Web Scraping
Although the Internet, Web services, and specifically the data that they contain constitute a huge data resource conferring immense potential benefits to the humanities, obtaining this data from this vast data repository is challenging. One of the technologies that is used only peripherally in the digital humanities is web scraping, although it can potentially support data collection and processing endeavors (Black, 2016). Web scraping is technique to extract specific, meaningful data from web pages through specialized software programs and scripts, known as a web crawler, bot, or Web API. These web crawlers navigate web pages to obtain targeted data directly from the HTML of the web page, and not, for example, from screen captures or assets directly accessible on the web page. The web sites that are “crawled” are selected in a pre-specified, methodical manner. Data from web scraping enables the collection of a large quantity of unstructured data that must be transformed into a semi-structured or structured format for it to be useful (Zeng, 2017). Several web scrapers written in Python and R, the two main programming languages employed in the digital humanities, are available.

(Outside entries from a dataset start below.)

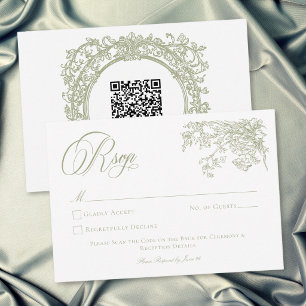 Cartão RSVP Casamento de Jardim com Brasão Verde Elegante Vint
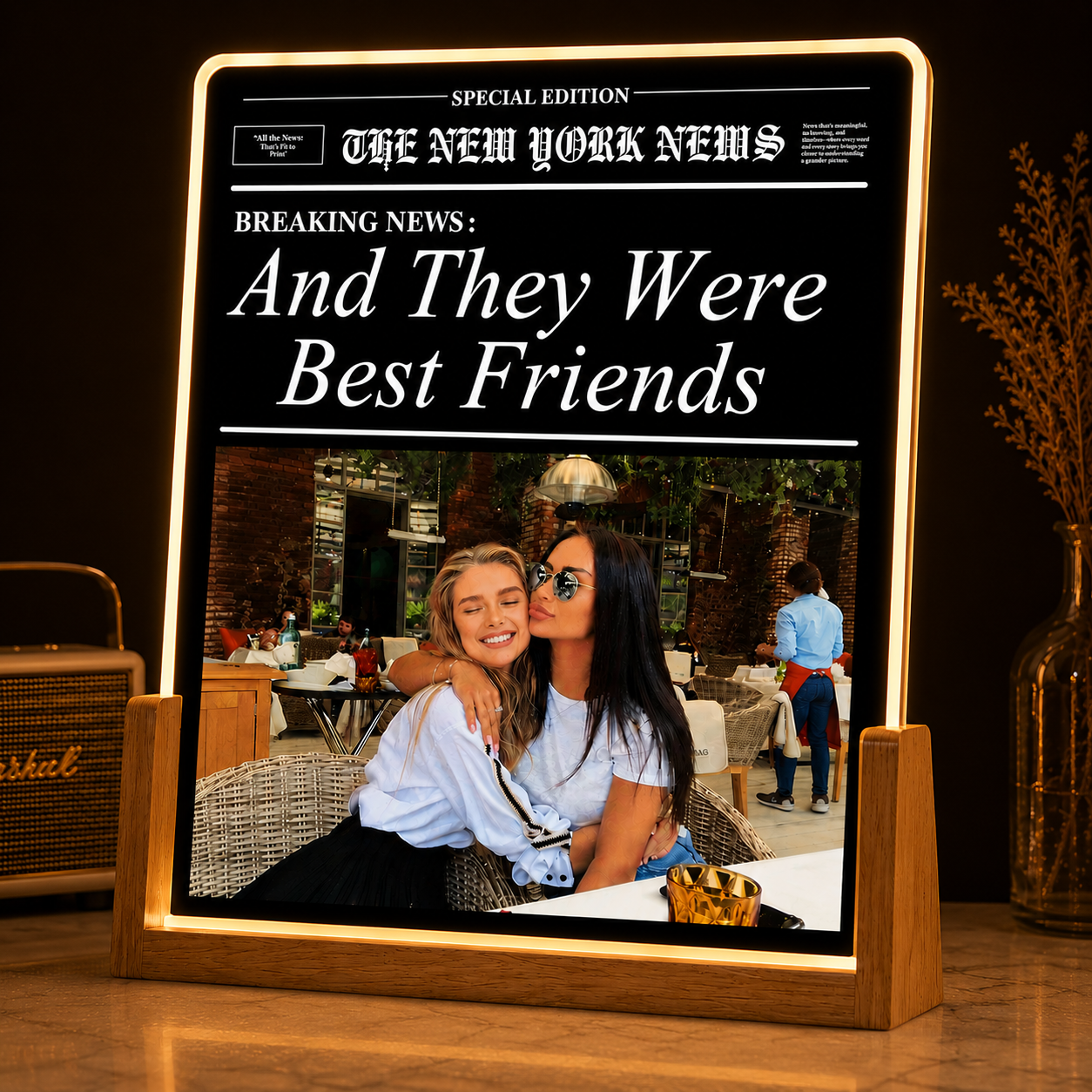 Custom Best Friend Photo LED Lamp, Personalized Newspaper Style Night Light, Unique Friendship Gift for Bestie, Birthday Gift for Women, Acrylic Table Decor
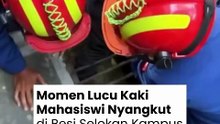 Momen Lucu Kaki Mahasiswi Nyangkut di Besi Selokan Kampus UNS, Ditolong Damkar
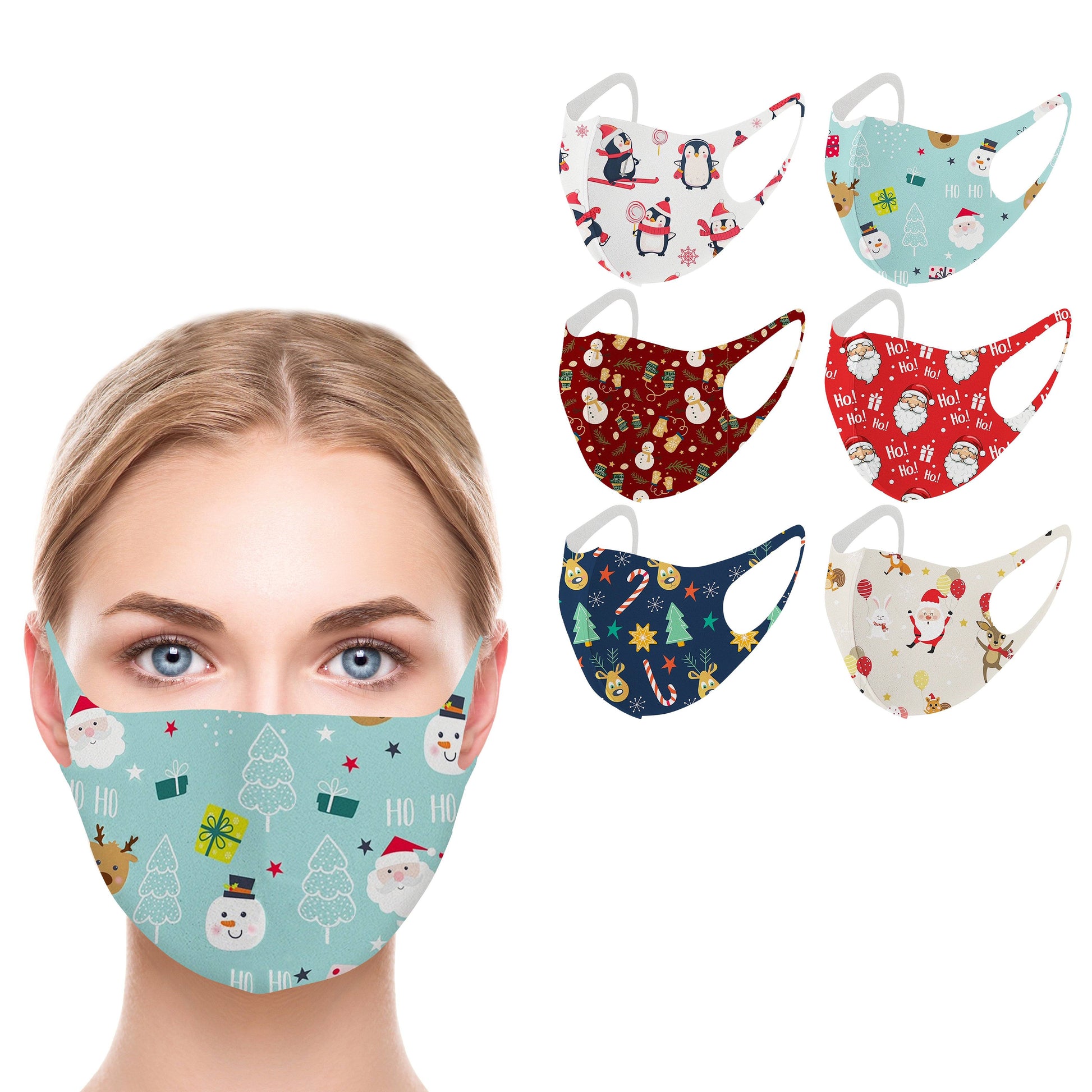 6-Pack: Reusable Holiday-Themed Face Masks Set 3 __stock:500 Holiday Holiday Decor & Apparel refund_fee:800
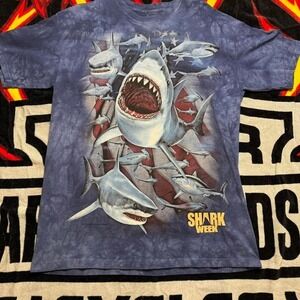 The Mountain Sharkweek 2015 Tee Mens Large Blue Tie Dye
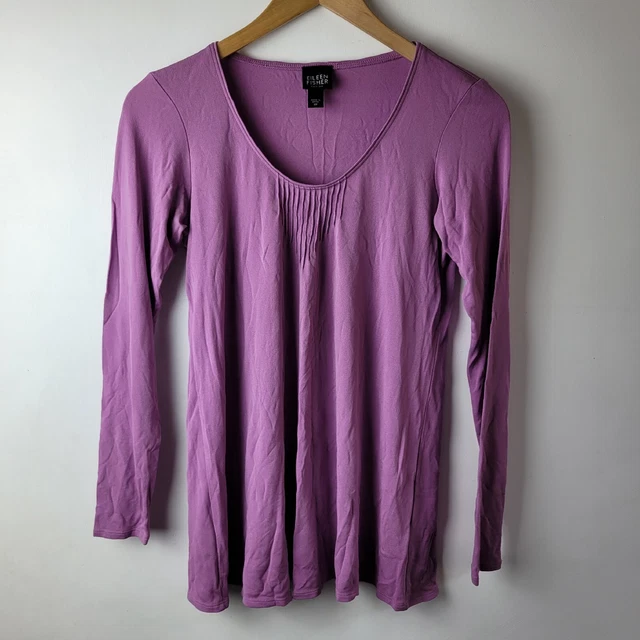 Eileen Fisher Damenbluse Größe SP lila 100 % Seide Stretch plissiert Oberteil Freizeit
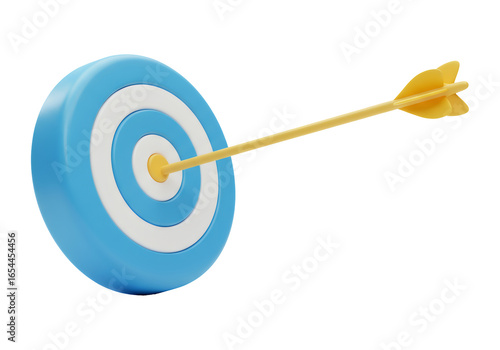 Blue And White Target With Yellow Arrow Achieving Goal On Transparent Background
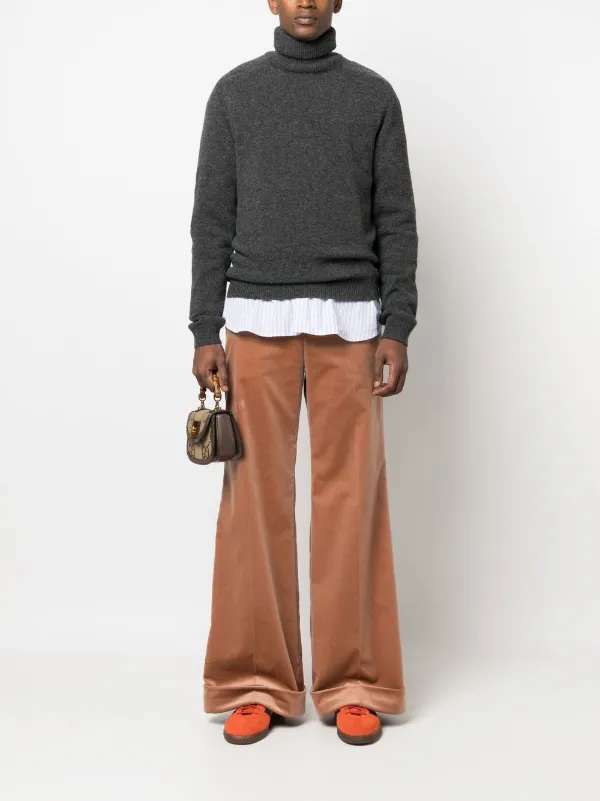 Gucci fine knit Turtleneck Jumper Grey FARFETCH AE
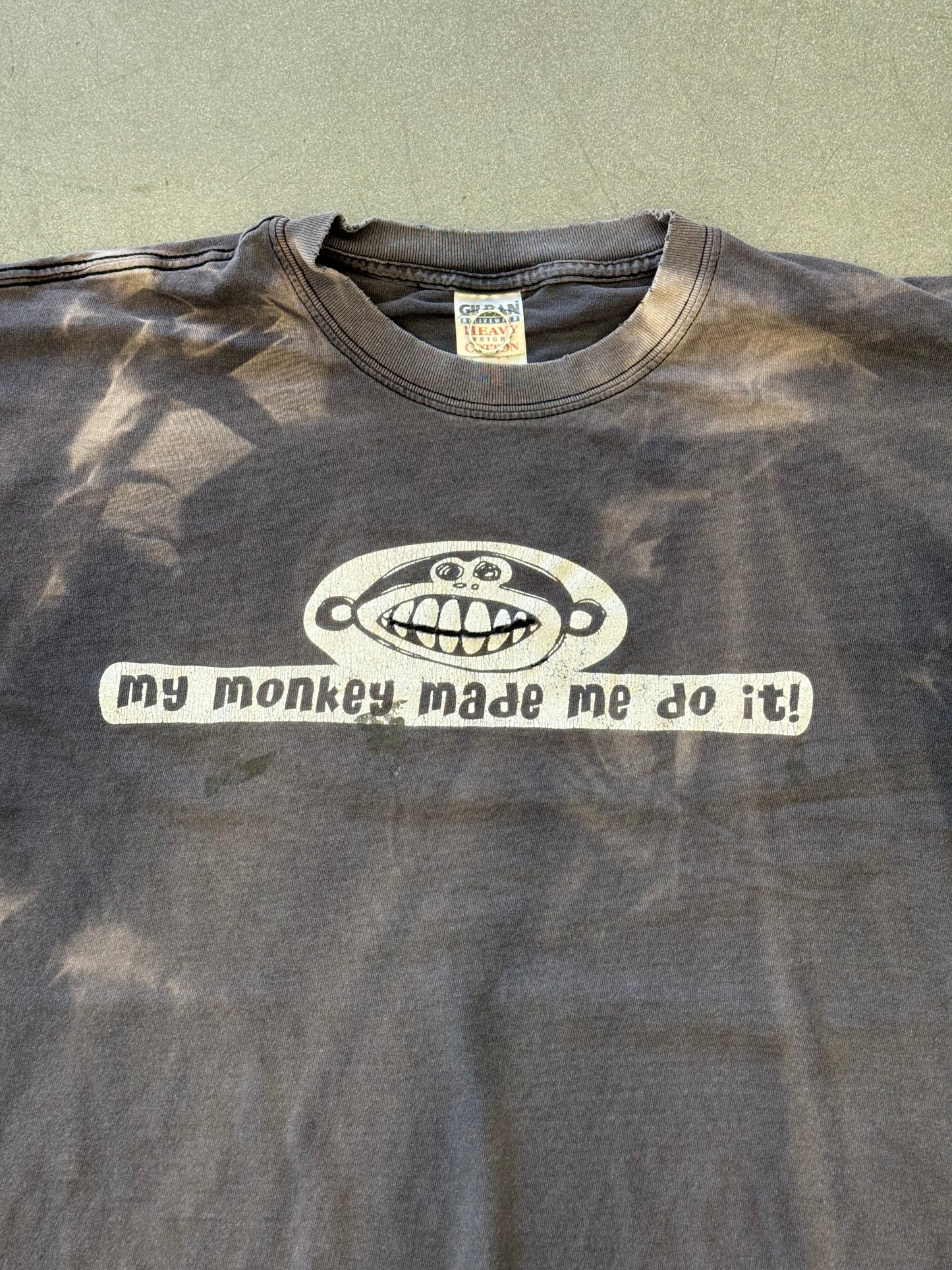 90S "MY MONKEY MADE ME DO IT!" FADED AND DISTRESSED TEE (GILDAN TAG)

Although the terms web scraping and web crawling (n. web scraper and web crawler) are often used interchangeably, they have subtle differences. Web crawling is generally non-specific and extracts all Web-accessible information for subsequent aggregation and processing. A search engine is an example application of web crawling. By contrast, in web scraping, specific information is extracted for a targeted purpose.
Web scraping also differs from how a human user would browse or navigate a web site. Many web sites explicitly prohibit web scraping and web crawling on their sites through the robots exclusion standard, implemented in a small text file named robots.txt. This text file is a standard that web sites use to communicate with web crawlers and other robots (“bots”) or automated processes using the resources of the site. The robots.txt file specifies to the web robot the areas of the web site that are excluded from access, scanning, or other processing. Because of the potentially problematic nature of web scraping and web crawling, some leading legal critics have argued that web scraping is a form of intellectual property theft, although the practice is not illegal according to U.S. Law. It can also be seen as a contravention of fair use policy, as web scraping may circumvent the guidelines delineated in the robots.txt file of the website. For instance, the robot.txt file for the Project Gutenberg site explicitly prohibits scraping of their website. (The Gendered Novels Project).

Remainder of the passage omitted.